Judges are allowed to drink water and eat crackers between entries to cleanse their palates.

Rose said competitors sometimes have their own sauces, and it’s important to taste them along with the meat. She thought back to a time that she judged a competition in which a team used a curry-based sauce.

“I loved the sauce,” Rose said. “I wanted to find the team and ask what they used.”

When it comes to scoring tenderness, Rose said it’s especially important for the judges to be certified.

“Many people think ribs are good when the meat falls off the bone, but really that means it’s overdone,” Rose said. “They would be scored lower for tenderness.”

Some people also have misconceptions about smoked chicken. “Smoked chicken can be pink,” Rose said. “A lot of people think this means it’s not done, but that’s not true.”

McMillen said if a piece of meat is overcooked, it will either be mushy or dry and tough.

“Dry is never acceptable,” McMillen said.

Ideally, the meat “ought to be thoroughly cooked, but not fall apart when you eat it,” he said.

Judging at Saturday’s contest will be blind, meaning the judges will not know whose meat they are tasting. Judges will not be allowed to talk to each other during the judging process, and if spouses are both judging, they cannot sit next to each other. Neech and France will be at separate tables.

According to the the society's 2009 Official Rules, Regulations and Judging Procedures, the judges may give scores ranging from nine to two, with nine being a perfect score and two being inedible.

Judges will only give a one if a contestant breaks a rule, such as including unapproved garnish or not including the correct pieces of meat. Giving a one is giving an entry a disqualification, and a contestant representative must approve it.

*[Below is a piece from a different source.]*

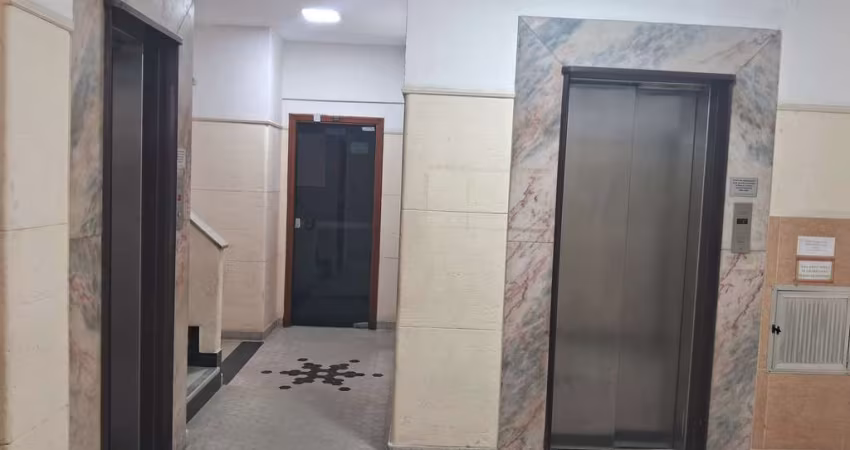 Sala Comercial para alugar na Rua Lucidio Lago, Méier, Rio de Janeiro - RJ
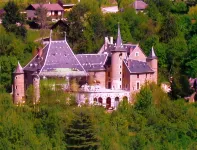 Château D'uriage: Studio Atypique à 20 min de Grenoble et a 20 min de Chamrousse - Wi-Fi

Neech and France said the process of becoming certified judges has been a great experience. "You get to eat some of the best barbecue you've ever tasted," Neech said. "It's a lot of fun. I would recommend this to anyone who likes barbecue."

The public is welcome to watch the cooks and judges, but public tasting is not allowed. However, Rose said public tasting is something that organizers are considering for future contests.

Judging will start at noon on Saturday and entries will be turned in every 30 minutes, starting with chicken and ending with dessert. Winners will be announced around 4:30 p.m. at the KOPN Community Stage in Flat Branch Park.